He was the most active of all the agents in the religious persecution at
the epoch of which we are now treating, but he had been inquisitor for
many years. The martyrology of the provinces reeks with his murders.
He burned men for idle words or suspected thoughts; he rarely waited,
according to his frank confession, for deeds. Hearing once that a
certain schoolmaster, named Geleyn de Muler, of Audenarde, "was addicted
to reading the Bible," he summoned the culprit before him and accused him
of heresy. The schoolmaster claimed, if he were guilty of any crime,
to be tried before the judges of his town. "You are my prisoner," said
Titelmann, "and are to answer me and none other." The inquisitor
proceeded accordingly to catechize him, and soon satisfied himself of the
schoolmaster's heresy.
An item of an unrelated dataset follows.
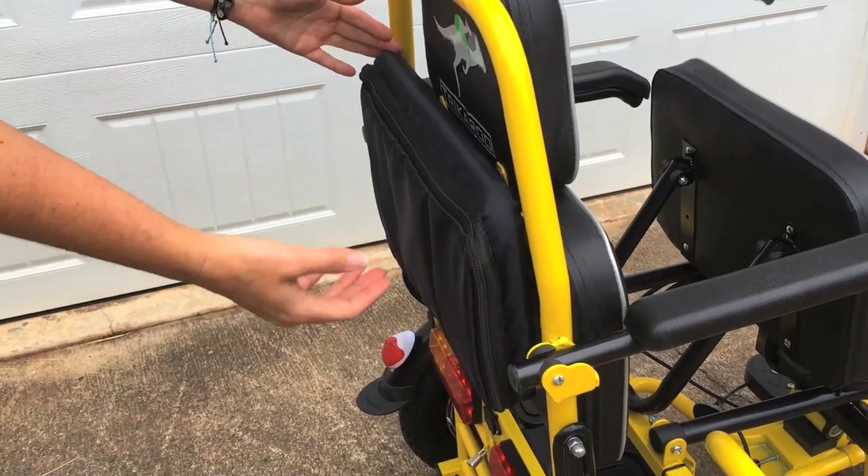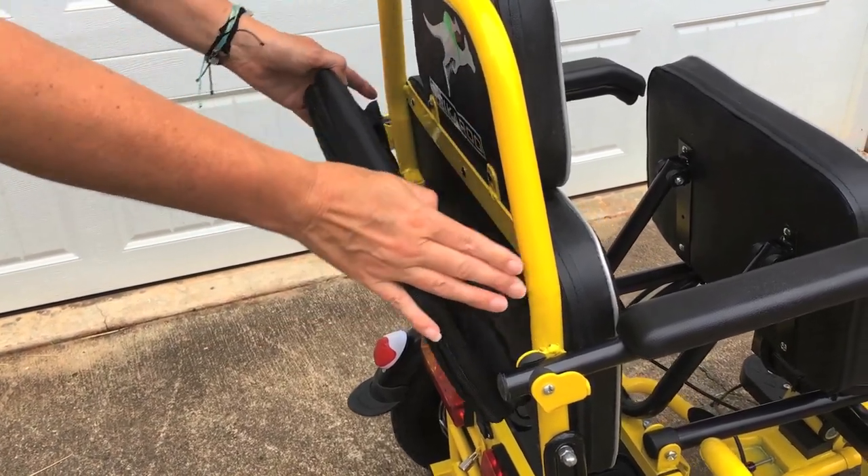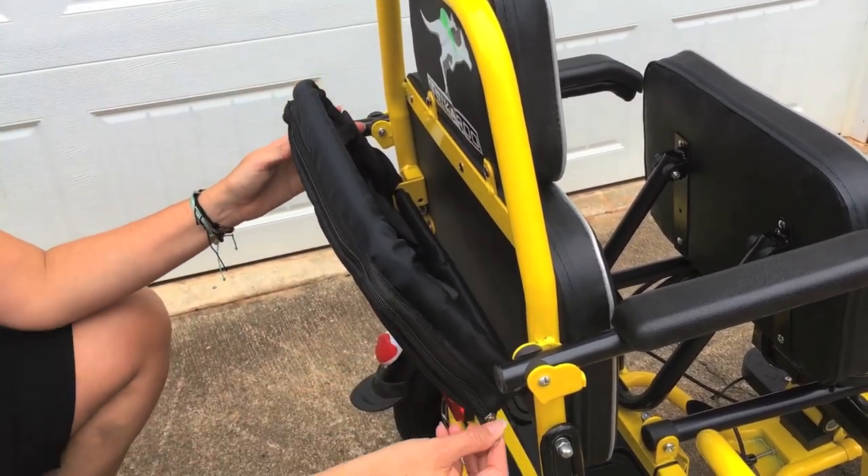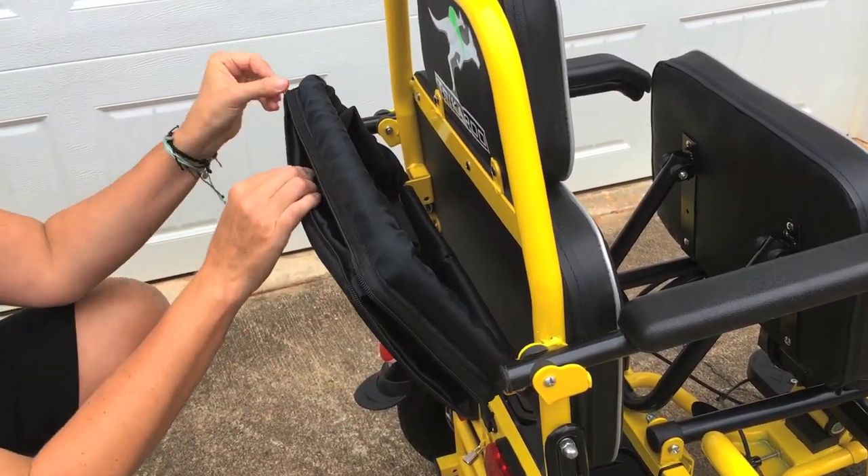On the back of the flyer you've got extra storage — we like to call it a pouch. To make this expand, you just unzip it, similar to a suitcase.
He commanded him to make immediate recantation.
The schoolmaster refused. "Do you not love your wife and children?"
asked the demoniac Titelmann. "God knows," answered the heretic, "that
if the whole world were of gold, and my own, I would give it all only to
have them with me, even had I to live on bread and water and in bondage."
"You have then," answered the inquisitor, "only to renounce the error of
your opinions."--" Neither for wife, children, nor all the world, can I
renounce my God and religious truth," answered the prisoner. Thereupon
Titelmann sentenced him to the stake. He was strangled and then thrown
into the flames.

At about the same-time, Thomas Calberg, tapestry weaver, of Tournay,
within the jurisdiction of this same inquisitor, was convicted of having
copied some hymns from a book printed in Geneva. He was burned alive.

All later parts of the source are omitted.